Orlando Executive Airport is a general aviation and corporate aviation airport. Its proximity to the State Road 408 East-West Expressway and downtown Orlando makes it a popular airport. The airport is still the "minor" airport of Orlando, Florida, as Orlando International Airport is the airport for commercial airline flights, drawing more passengers every year.

The airport has been used for special air industry events and showcases including the National Business Aviation Association (NBAA) Convention which was held there in 2008, 2009, 2012, 2014, and 2022. Orlando Executive Airport served as the receiving site for the majority of Special Olympic Athletes during the largest non-military human airlift in the US.

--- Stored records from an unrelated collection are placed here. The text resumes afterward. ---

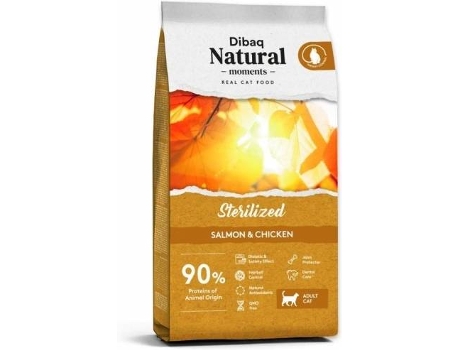 Ração para Gatos DIBAQ NATURAL MOMENTS Esterilizados Salmon (7kg - Seca - Adulto - Sabor: Salmao, Frango)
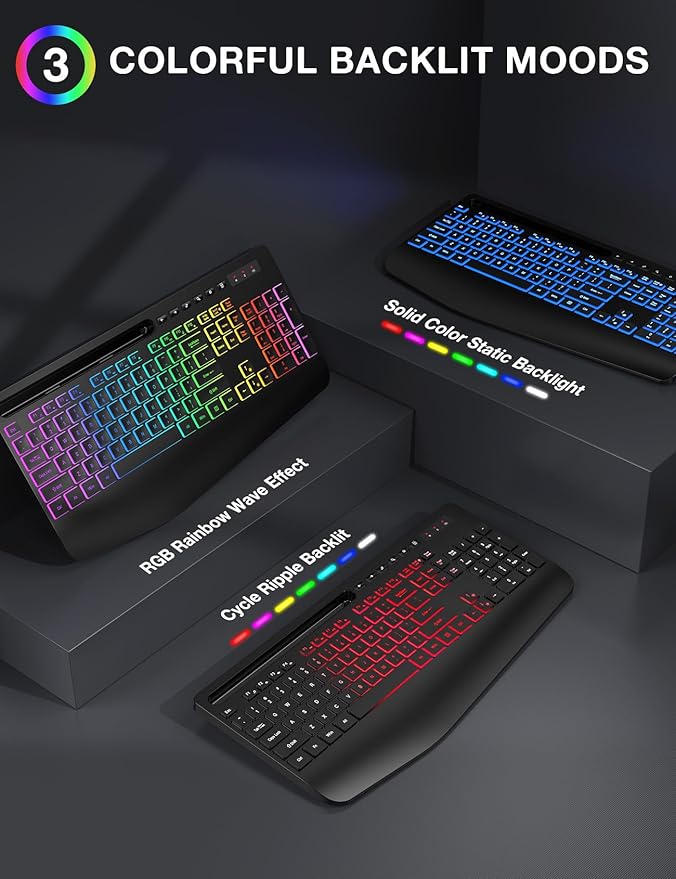 Wireless Keyboard and Mouse Combo - 9 Backlit Effects, RGB, Ergo Wrist Rest, Phone Holder, 2.4G Full Size, Rechargeable, Sleep Mode, KM22 MAX Quiet Set for Computer, PC, Laptop, Mac, Windows- SABLUTE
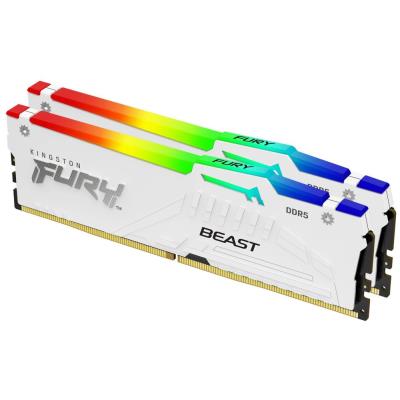 KINGSTON FURY Beast White RGB XMP 32GB DDR5 5600MT/s / CL40 / DIMM / Kit 2x 16GB
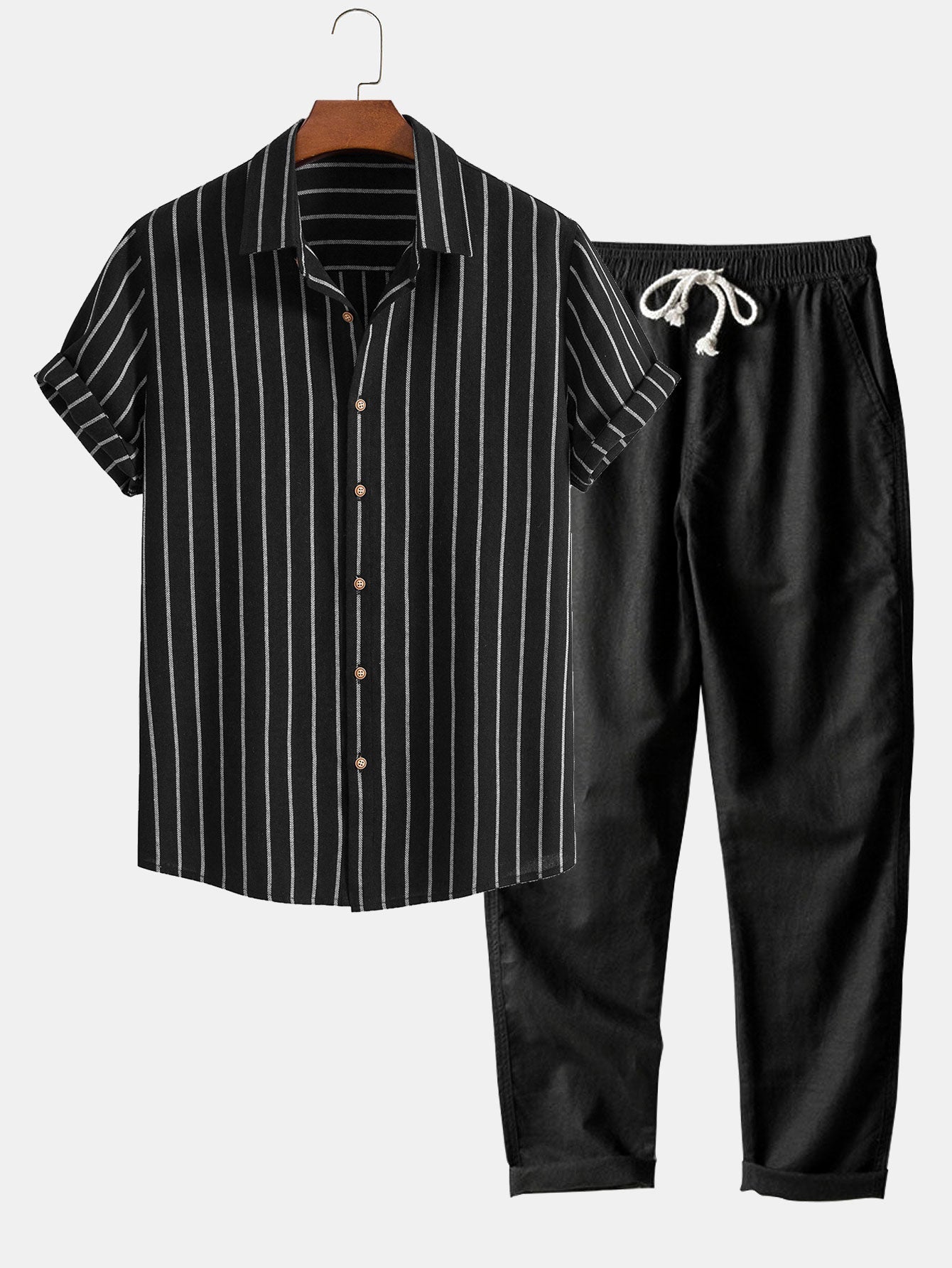 Loris – Chemise Rayée & Pantalon Lin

The airport has also been used since the 1990s as a landing site and staging site by Marine Helicopter Squadron One (HMX-1) for Marine One and other supporting HMX-1 helicopter operations during Presidential visits to Orlando. All Presidential visits to the Orlando area are on Air Force One, which lands at Orlando International Airport (MCO).

==Facilities==
Executive Airport covers 969 acre at an elevation of 113 feet (34 m). It has two asphalt runways: 7/25 is 6,004 by 150 feet (1,830 x 46 m) and 13/31 is 4,625 by 100 feet (1,410 x 30 m).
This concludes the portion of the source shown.